Si perdimos (no importa que sea en la final del mundo, 1 a 0, en alargue, faltando un par de minutos y con el que a todas luces fue el mejor equipo de torneo) alguien en la cancha no representó con la masculinidad suficiente a esa potencia mundial que somos como país nosotros, los que lo vimos por la tele tomando cerveza. El fútbol nos sirve de excusa para medirnos la poronga como nación, y si resulta que un equipo nos gana, de repente nos la vemos chiquita y nos sale de adentro señalar a algún supuesto hijo de puta, porque las victorias que nos hacen sentir poderosos son muy nuestras, pero en las derrotas nos brota el Ramón Díaz y decimos “ah, pero yo no perdí, fue él”.

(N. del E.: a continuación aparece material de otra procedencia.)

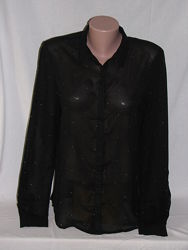 Calliope Женская блуза шифоновая черная S, M
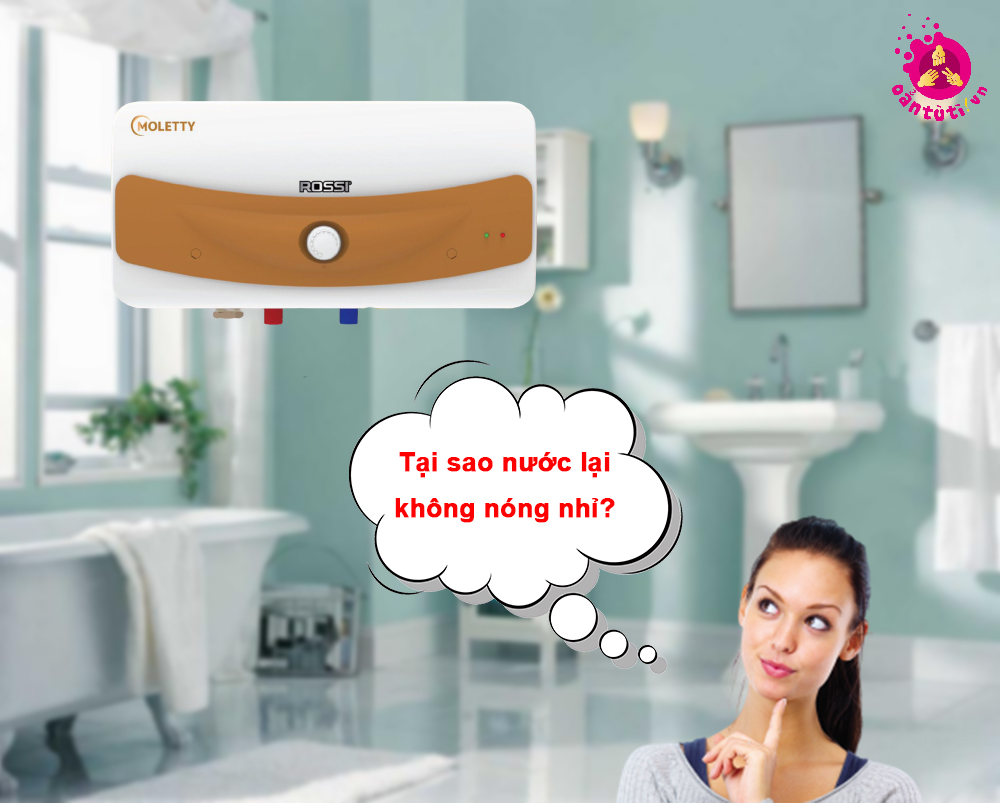 Bình nóng lạnh không ra nước nóng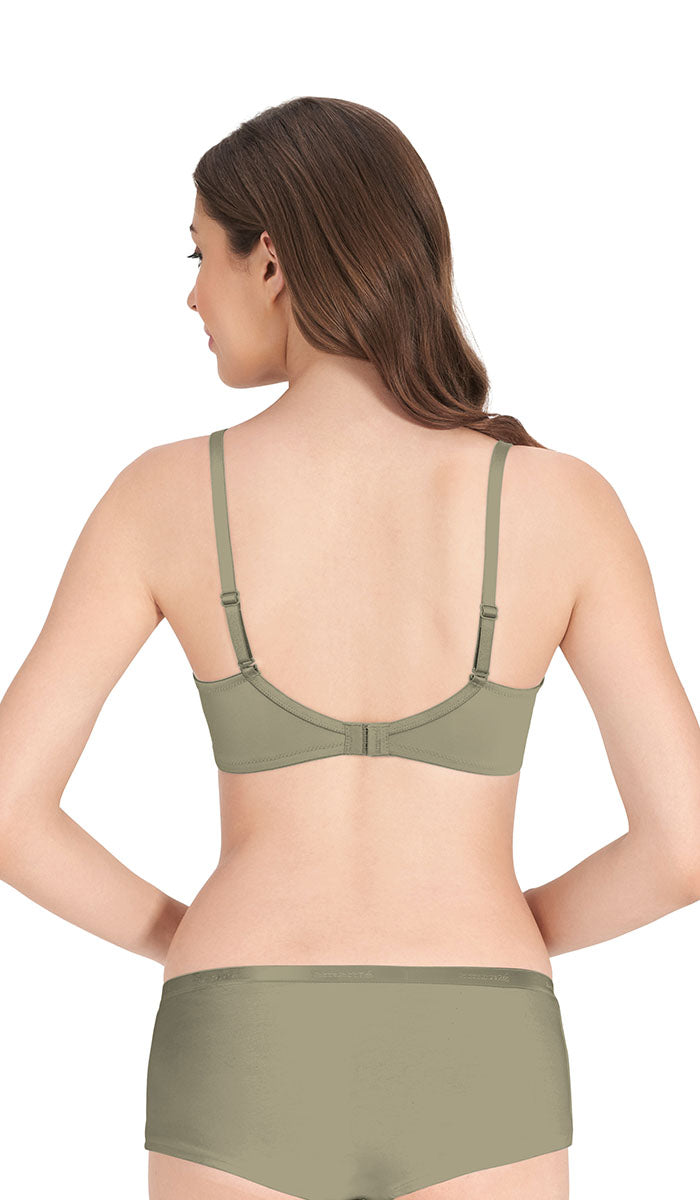 Smooth Charm Non-Wired Bra  - amanté Bra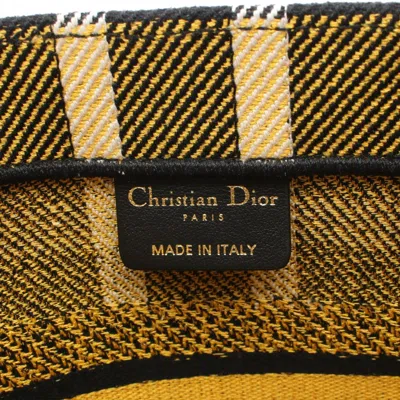 Pre-owned Dior Christian  Black White Yellow Canvas Tote Bag ()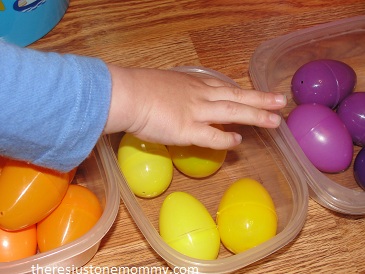plastic egg activity 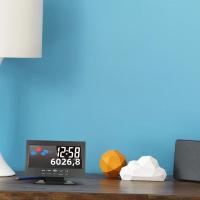 Estación Meteorológica Digital Medidor De Temperatura Humedad Con Reloj Termómetro Higrómetro Calendario Y Nivel De Comfort - details 9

Messi, es cierto, no jugó como esperábamos en los últimos partidos. Pero no basta con remarcar que en vez de jugar para diez puntos jugó para siete: hay que decir que es cagón, puto, vigilante, que se escondió, que no pidió la pelota, que los huevos los tiene Mascherano (otra falacia que nos encanta creer para sentirnos más «hombres»: que los partidos se ganan sólo con huevos, traducidos en correr y gritar), que Maradona era mejor, que Pelé era mejor, que cualquier pelotudo que anda dando vueltas por ahí era mejor. Y entramos en una lógica ilógica en el que un tipo que disfruta de apilar muñecos y clavarla en un ángulo como nadie (porque no hay manera de ser excelente en algo si no lo gozás), está jugando el partido que todo futbolista sueña con jugar y de pronto le da lo mismo ganar que perder. O le da miedo, o no soporta la presión. Justo él, que ganó todo y gambeteó a todos y vive con cien millones de ojos encima (o en todo caso, si de verdad la tensión lo desbordó, ¿no está en su derecho? ¿No es humano? ¿Eso lo hace merecedor de insultos?).
Lo único que separó al “pecho frío” de Messi de un héroe nacional fue que el tiro libre del final no entró. Ahí sí hubiéramos sido nosotros los que pateamos a través de su pierna y llevamos a la Argentina al lugar adonde creemos que tiene que estar en todos los órdenes de la vida:el escalón más alto del podio, el oro, el trofeo, la gloria indiscutible. Ahí sí sentíamos al 10 como nuestro, porque era tan perfectísimo como nos creemos nosotros y nos daba lo que más queremos en el mundo: que nadie nos pueda decir “che, parece que somos mejores que ustedes en esto”. Que haya 207 países de FIFA abajo nuestro (incluido Brasil) y sólo uno arriba no importa:alguien tiene que pagar con su sangre por esta insoportable humillación.
Yo quería ganar. Yo quiero ganar siempre. Yo grito y puteo y me enojo porque quiero ganar hasta jugando al papi fútbol los sábados. No festejo el subcampeonato: yo quería la copa. Pero no se me va la hombría en reconocer que, esta vuelta, alguien jugó un poquito, apenas, mejor que yo. Y mucho menos voy a tratar de salvar una identidad nacional ficticia e inflamada por la soberbia despedazando a uno de los mejores jugadores de la historia, el cual, por suerte, tiene puesta la camiseta que más quiero.